Bakkal, bizim Ticaret Kanunumuzun esnaf diye tanımlanan kesimi içerisinde değerlendirilmesi gereken bir meslek grubudur. Ticaret Kanunumuzun 15 nci maddesi ister gezici, ister seyyar, yaptığı ekonomik faaliyeti sermayesinden ziyade bedeni çalışmasına dayanan serbest çalışan meslek sahiplerini esnaf olarak nitelemektedir. Bu gruba girenlerin ayrıca gelirlerinin bakanlar kurulunca tespit edilen bir sınırı da aşmaması gerekmektedir.

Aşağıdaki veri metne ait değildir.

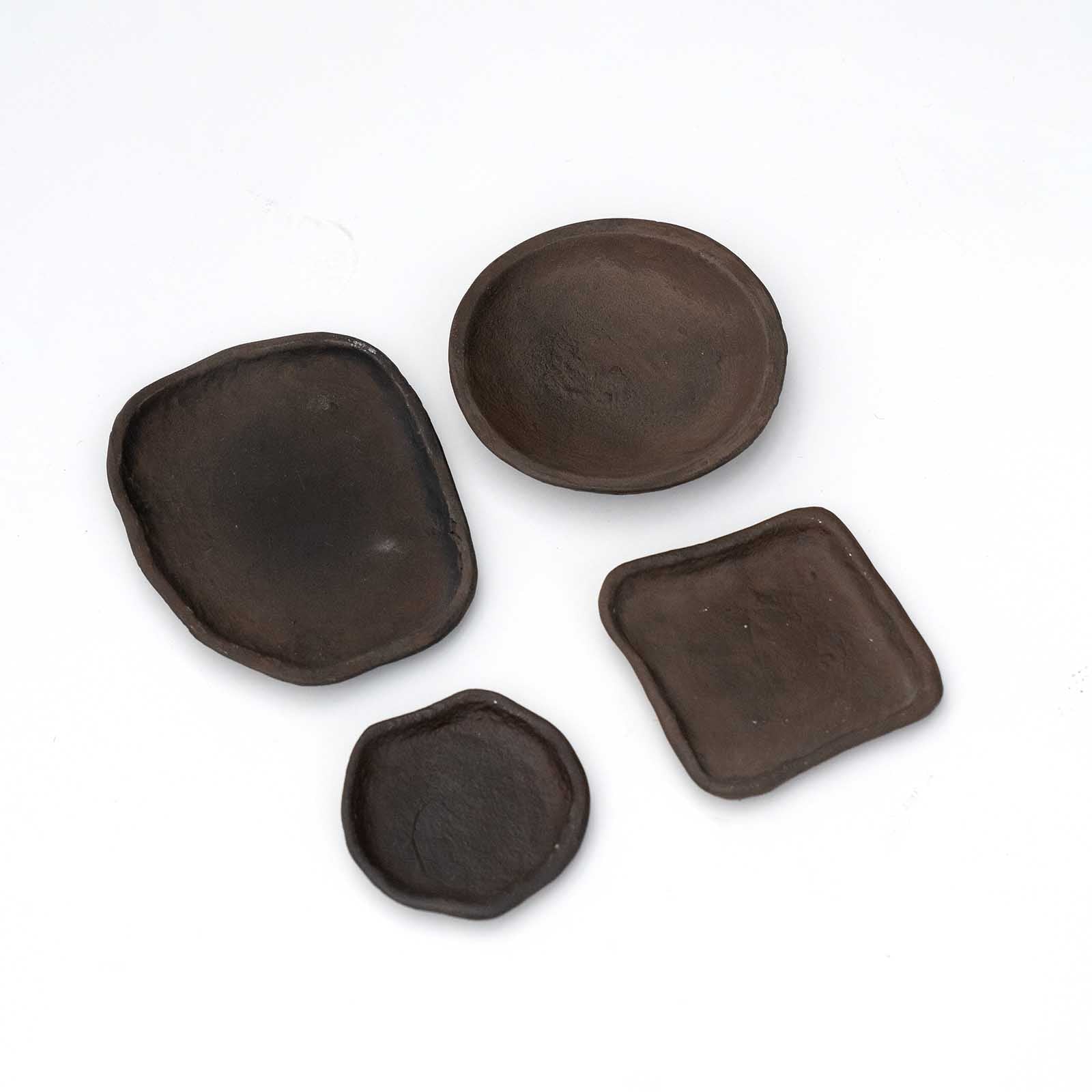 Candle Plates - Accesories - WS Living Furniture Furniture Store in Dubai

İşte bakkallar bu esnaf tanımının gıda ticareti ile uğraşan kolunu oluştururlar.

Anadolu da yerleşik tanımları mahalle bakkalıdır. Bakkallar mahallenin köklü vazgeçilmez unsurlarından biridir. Bakkal zamanla mahallenin bireylerinden biri gibi algılanır hale gelir.

Bir işi çıktığında yerine mahallelilerden birinin bakması olağandır. Ders veren öğretmenin, kiralık evin, alınacak, satılacak bir şeyi olanın ilanı bakkalın camındadır.

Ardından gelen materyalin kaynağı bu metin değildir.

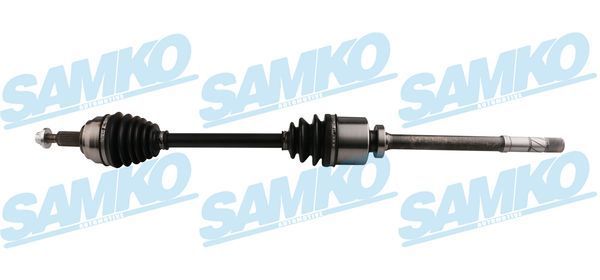 Pusašis SAMKO DS52440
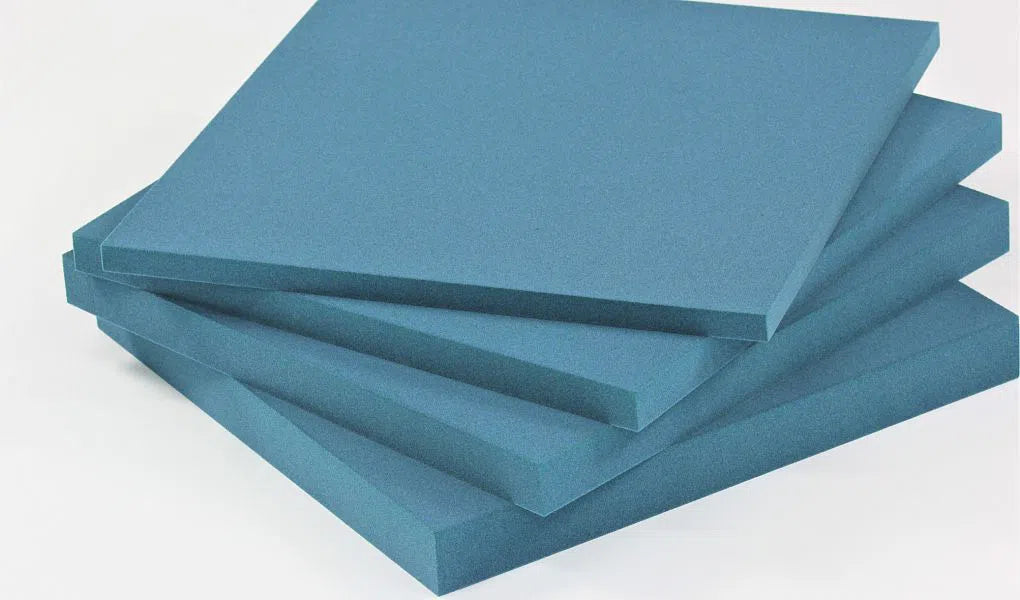 PIXEL L Soft Acoustic Wall Panel stack Decormania UK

Mahallenin dedikodusunu da ya bakkal çalışanından, ya da bakkalda ayaküstü sohbet eden mahalleliden öğrenmeniz mümkündür.

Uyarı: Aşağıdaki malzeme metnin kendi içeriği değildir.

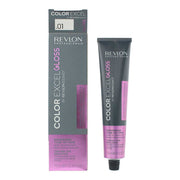 Revlon, Color Excel Gloss, Hårfärgsglans, 01 Anti-Orange, Anti-Orange Toning, 70 ml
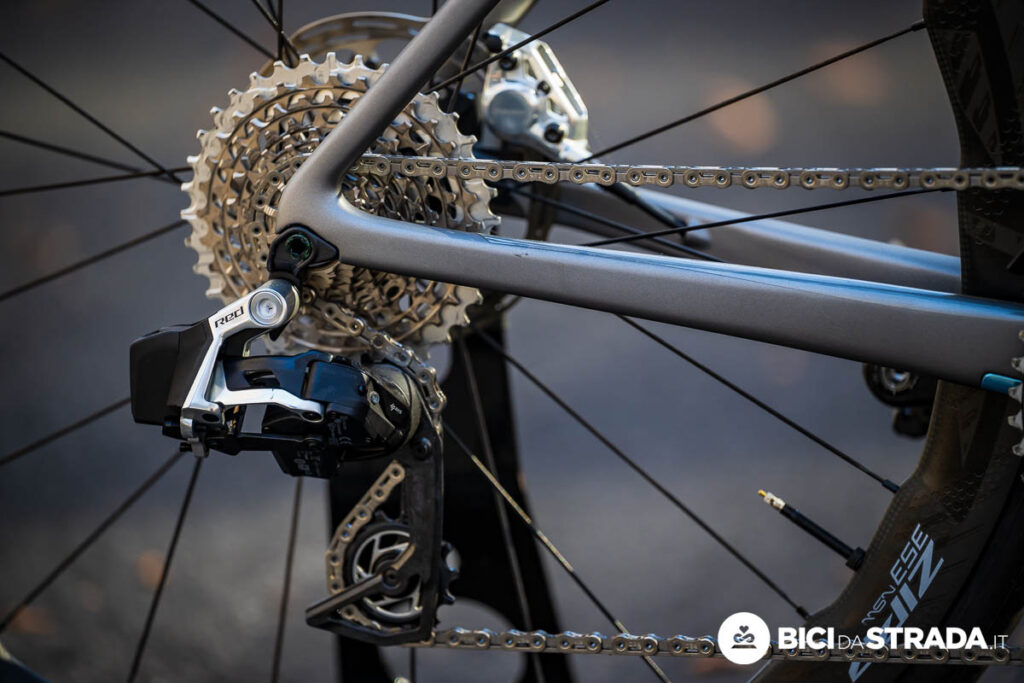 Merida Scultura 10K Sram Red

Edirne peynirinin gelmesini kimlerin beklediğini, horoz fasulyesinin meraklılarını bakkal bilir ve onları haberdar eder.

Yalnızca gıda mı? Gazeteden, süpürgeye, deterjandan, içkiye, sigaraya her türlü gereksinimin karşılandığı yerdir bakkallar.

Zaman zaman “pirince taş karıştırdı”, “tereyağına margarin kattı” diye eleştirilseler de bakmayın siz onlara. Onlar bizim kültürümüzün renkli öğeleridir.

Yazın bakkalın önünde duran içi buz dolu varilden alınan soğuk, buz gibi gazozların testerenin tersiyle vurularak açılmasıyla saçılan köpüklerle sanki en pahalı şampanyayı içercesine zevkle içtiğimiz gazozların hatırına bakkallarımıza toz kondurmayız.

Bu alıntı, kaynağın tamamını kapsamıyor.